Ada: I’m not clear on what you mean by Internet tools? How could you use them?

Students can respond with facts, explanations or uses (Lu, Chiu, & Law, 2011). Ideally, the explanations incorporate facts into theoretical models with specific applications.

Bill: Internet tools are computer programs on a webpage that everyone can access. For example, anyone can graph a line by typing its equation at this website …

Even in the absence of questions, people often support their ideas with explanations, especially when they anticipate disagreements (Chiu & Khoo, 2003; Clark & Sampson, 2008). Explanations also often foster further explanation by others (Chiu, 2008b).

As students share more ideas, they are more likely to disagree with at least one of their groupmate’s ideas (Jeong, 2003).
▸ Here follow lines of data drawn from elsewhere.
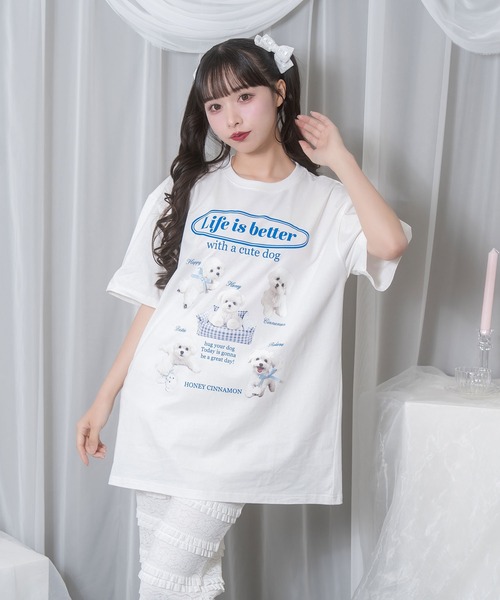 tシャツ white dog プリントTシャツ レディース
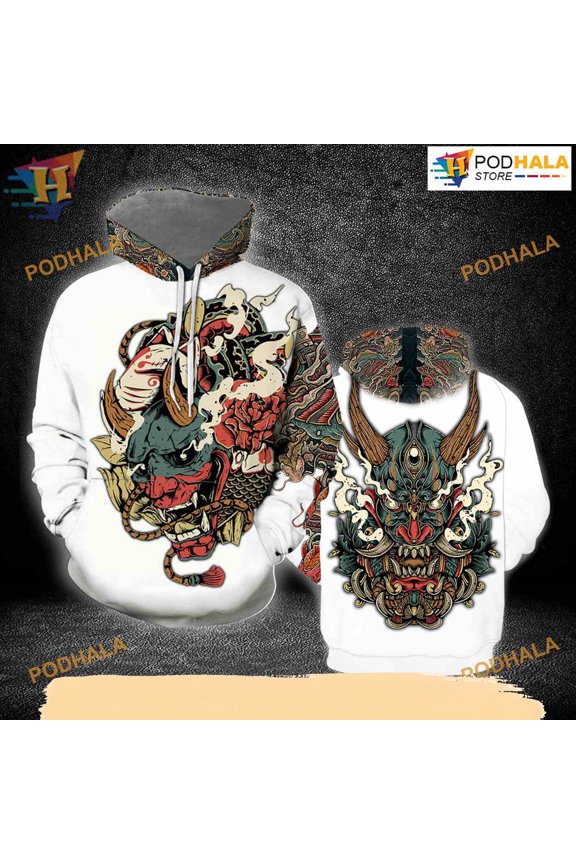 Oni Mask White Tattoo All Over Printed 3D Hoodie T-Shirt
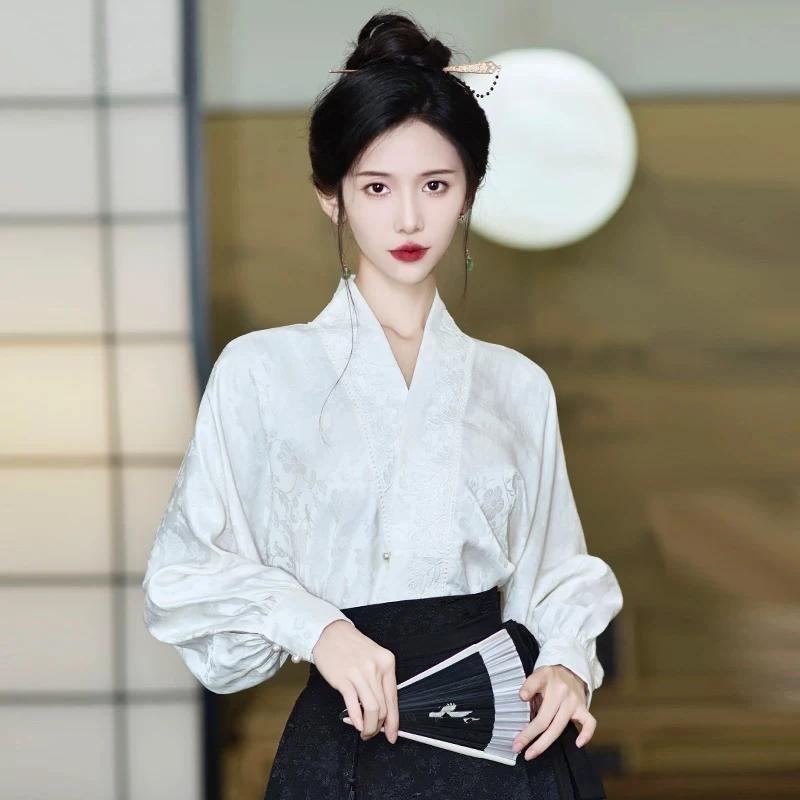 

New Chinese Style Internal Matching Shirt Hanfu Collar Ancient Style Plane Sleeve Women's Clothing Korean Version Commute Style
Disagreements can include identifying areas of disagreement, their sources, bases, or their extents.

Dan: While Internet tools can be useful, they can also be a crutch …

In response, other students might ask questions (as above) or propose different opinions along with facts, anecdotes, and explanations (Clark & Sampson, 2008).

Ada: That’s possible, but it needn’t be a crutch if students have to plot points …

In an advanced discussion, students try to reconcile different views into an integrated summary by identifying areas of agreement, clarifying meanings, proposing and negotiating compromises and syntheses (Wise & Chiu, 2011).

Fay: I think we can all agree that Internet tools can be useful in these six ways: … However, we need to be careful to …

Students summarizing ideas often show higher levels of cognition, and these summaries often elevate the levels of cognition in the subsequent time period, suggesting that summaries are pivotal messages that radically change the interaction (Wise & Chiu, 2011).

Table 23.1 summarizes the hypotheses. To reduce omitted variable bias, the explanatory model controls for several individual variables (such as gender; for a full list of control variables, see analysis section below). For example, earlier studies showed that male students were more likely than female students to make claims, argue, elaborate, explain, and critique others (Lu et al., 2011).

Table 23.1 Hypotheses 1–4 regarding the effects of classroom problem solving process on the outcome variables correct contributions (symbols in parentheses indicate expected relationship with the outcome variables: positive and supported [+], hypothesized but not supported [+])

Full size table

Method

In this study, I examine relationships among asynchronous discussion messages posted by students in a 13-week online graduate educational technology course delivered using Web-Knowledge Forum. For a description of the data, see Fujita (this volume, Chap. 20).

Data

As SDA was designed for turns of talk, it required revision to analyze branches of messages.

Unlike a linear, face-to-face conversation in which one conversation turn typically follows the one before it, an asynchronous message in an online discussion might follow a message written much earlier (branches of messages), forming a message tree. See Fig. 23.1 for an example of relationships among 10 messages. The number “1” denotes the initial message; “2” through “10” indicate 9 reply messages in the order of time.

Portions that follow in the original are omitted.